Ieri, dopo alterne vicende e trattative infruttuose con i capi di Hamas sulla liberazione degli ostaggi, Netanyahu ha deciso l'occupazione di Gaza
Ci sono notizie che ci portano a riflettere ben al di là della cronaca perché coinvolgono stati d’animo sedimentati negli anni. Succede per l’atteggiamento dei vertici del governo israeliano sulla crisi di Gaza, se solo si pensa – anche chi, come chi scrive, è da sempre amico di Israele – alle conseguenze di questa decisione.
Un azzardo non solo per il coinvolgimento di milioni di persone innocenti con i relativi problemi umanitari, ma per la credibilità stessa dello Stato di Israele nei confronti dei governi e delle innumerevoli persone che negli anni avevano supportato questa piccola isola di democrazia in un Medio Oriente devastato.

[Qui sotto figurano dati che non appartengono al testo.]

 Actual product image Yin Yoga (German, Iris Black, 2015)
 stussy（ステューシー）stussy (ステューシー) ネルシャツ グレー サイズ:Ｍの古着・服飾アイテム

Leggere che il primo ministro israeliano Benjamin Netanyahu avrebbe confermato la decisione di occupare completamente la Striscia di Gaza e trasmesso l’ordine al capo di stato maggiore (che ragionevolmente ne intuisce fino in fondo le conseguenze) con un secco: “Se non gli va bene, allora dovrebbe dimettersi”, significa prendere decisioni che la Storia giudicherà, ma che sembrano assurde e soprattutto inattuabili. Per di più, la decisione sarebbe arrivata, riportano le fonti di stampa, con “l’ok di Trump”. Non è dato sapere molto di più, al momento, del surreale ma significativo e complice via libera arrivato dall’Amministrazione americana.
Come si può pensare che poche migliaia di soldati israeliani possano controllare nel tempo un territorio che prima del 7 ottobre 2023 era occupato da oltre due milioni di persone stipate in 365 chilometri quadrati e che quasi tutte sono individualmente ostili al governo di Gerusalemme?
Gli israeliani possono temporaneamente occupare Gaza con la forza, il terrore, le armi, ma non c’è dubbio che questo scatenerà una resistenza accanita ben oltre la potenza di fuoco di Hamas, moltiplicando soprattutto un odio reciproco perenne e alla lunga insopportabile.
Intanto, con questa scelta, Israele perderà l’appoggio politico di gran parte dei governi occidentali, rafforzando politicamente proprio i palestinesi.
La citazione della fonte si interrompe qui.